> [Available records]:
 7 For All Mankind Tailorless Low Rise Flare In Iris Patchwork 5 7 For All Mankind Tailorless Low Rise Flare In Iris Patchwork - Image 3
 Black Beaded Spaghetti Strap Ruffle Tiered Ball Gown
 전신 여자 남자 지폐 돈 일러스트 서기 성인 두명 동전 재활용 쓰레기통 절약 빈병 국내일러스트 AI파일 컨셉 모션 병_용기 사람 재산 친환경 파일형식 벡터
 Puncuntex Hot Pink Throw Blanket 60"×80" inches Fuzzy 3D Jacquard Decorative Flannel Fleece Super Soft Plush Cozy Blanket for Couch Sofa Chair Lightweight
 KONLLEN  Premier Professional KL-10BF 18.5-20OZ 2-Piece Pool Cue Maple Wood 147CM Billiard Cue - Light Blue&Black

---

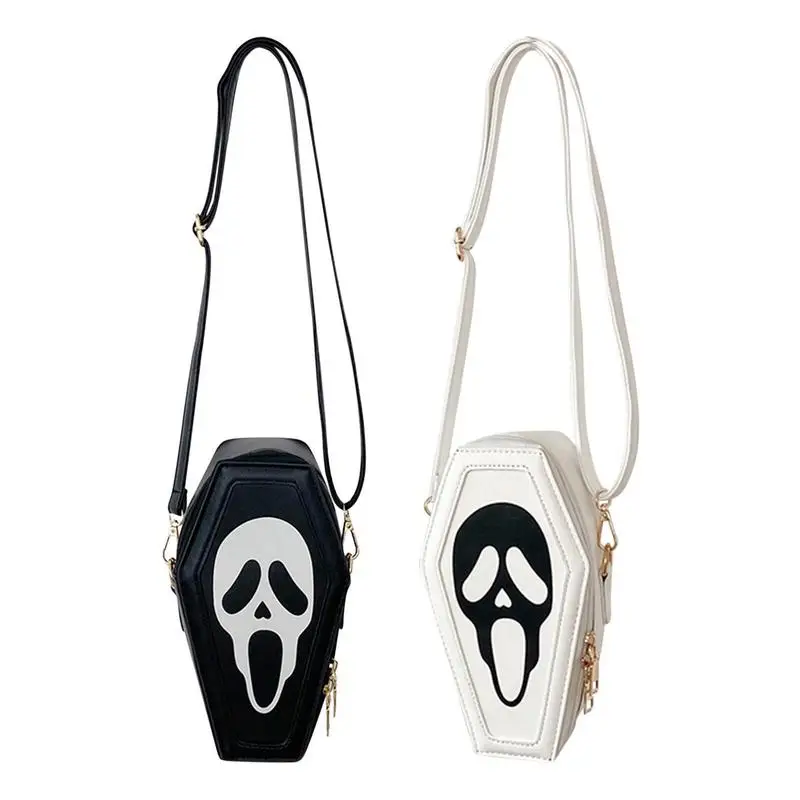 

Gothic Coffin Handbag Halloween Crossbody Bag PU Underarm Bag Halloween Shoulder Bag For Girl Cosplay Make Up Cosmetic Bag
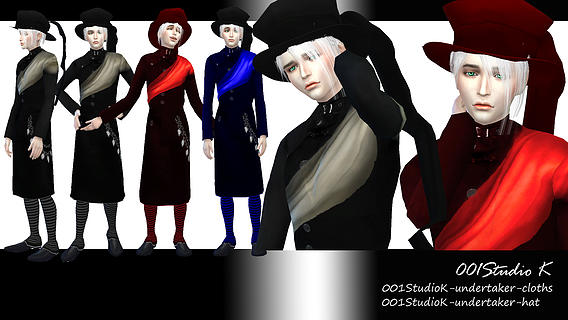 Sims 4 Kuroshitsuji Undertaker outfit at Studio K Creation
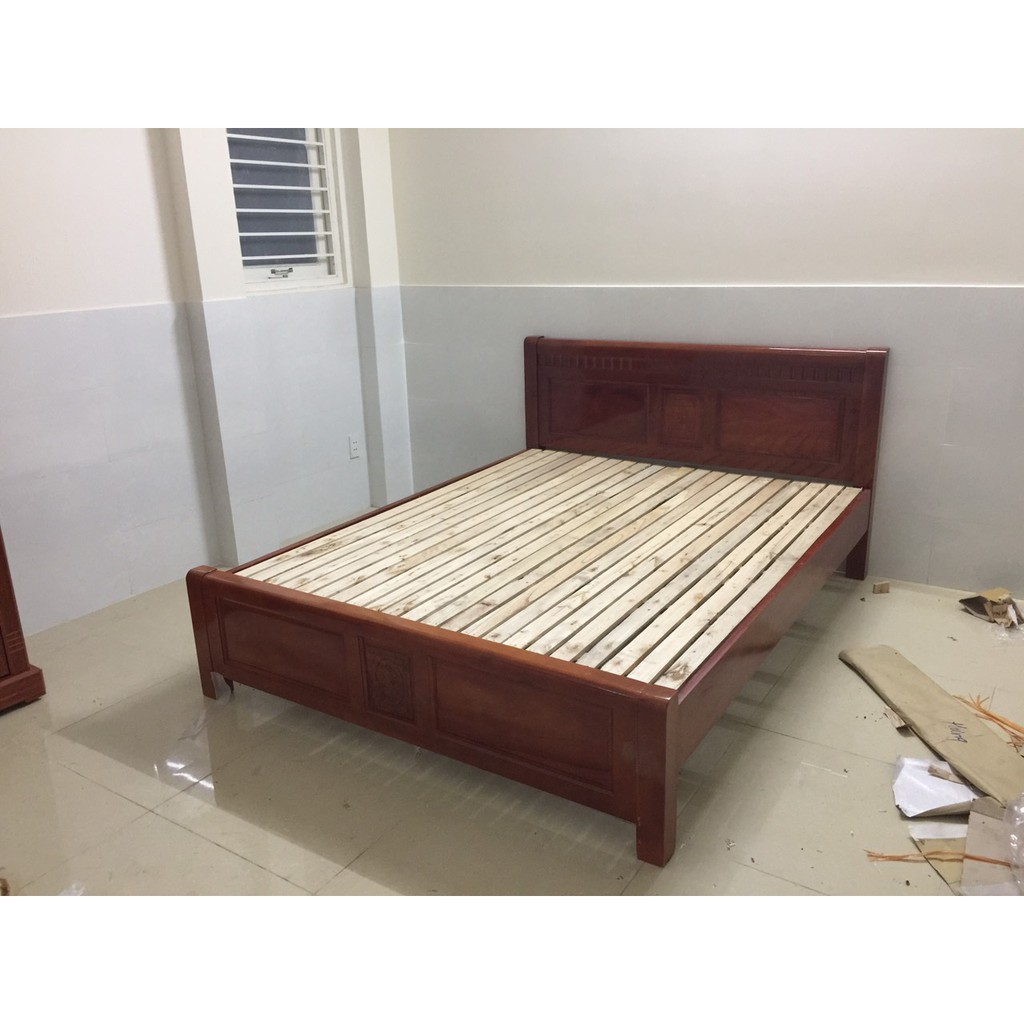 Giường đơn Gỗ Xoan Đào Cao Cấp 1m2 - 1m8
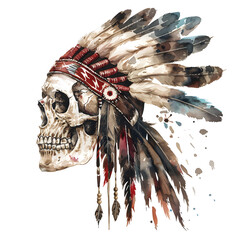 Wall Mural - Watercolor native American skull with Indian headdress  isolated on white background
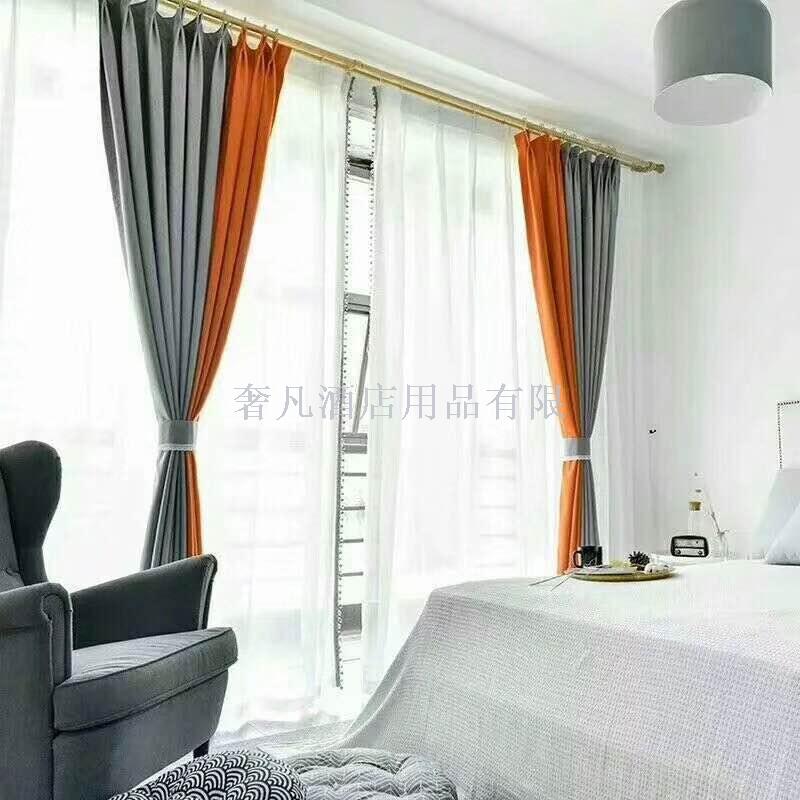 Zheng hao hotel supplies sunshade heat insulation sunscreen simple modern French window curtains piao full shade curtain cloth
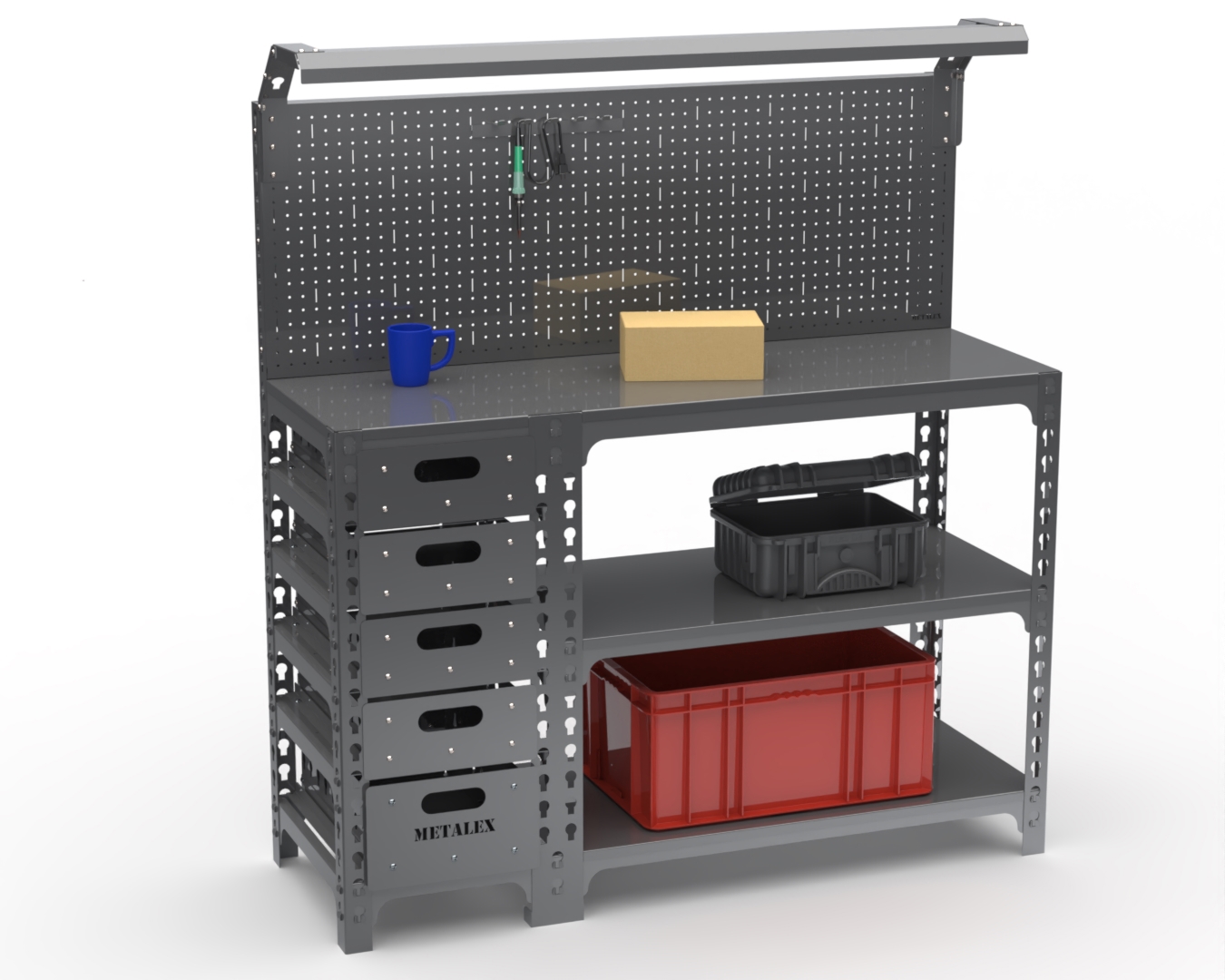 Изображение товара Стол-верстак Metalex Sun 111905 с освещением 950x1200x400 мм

> [Task]: Using the data above, repeat exactly the lines that begin at the line with "Patchwork - Image 3" and end at the line with "- Light Blue&Black", both ends included.

> [Expected output]:
 7 For All Mankind Tailorless Low Rise Flare In Iris Patchwork 5 7 For All Mankind Tailorless Low Rise Flare In Iris Patchwork - Image 3
 Black Beaded Spaghetti Strap Ruffle Tiered Ball Gown
 전신 여자 남자 지폐 돈 일러스트 서기 성인 두명 동전 재활용 쓰레기통 절약 빈병 국내일러스트 AI파일 컨셉 모션 병_용기 사람 재산 친환경 파일형식 벡터
 Puncuntex Hot Pink Throw Blanket 60"×80" inches Fuzzy 3D Jacquard Decorative Flannel Fleece Super Soft Plush Cozy Blanket for Couch Sofa Chair Lightweight
 KONLLEN  Premier Professional KL-10BF 18.5-20OZ 2-Piece Pool Cue Maple Wood 147CM Billiard Cue - Light Blue&Black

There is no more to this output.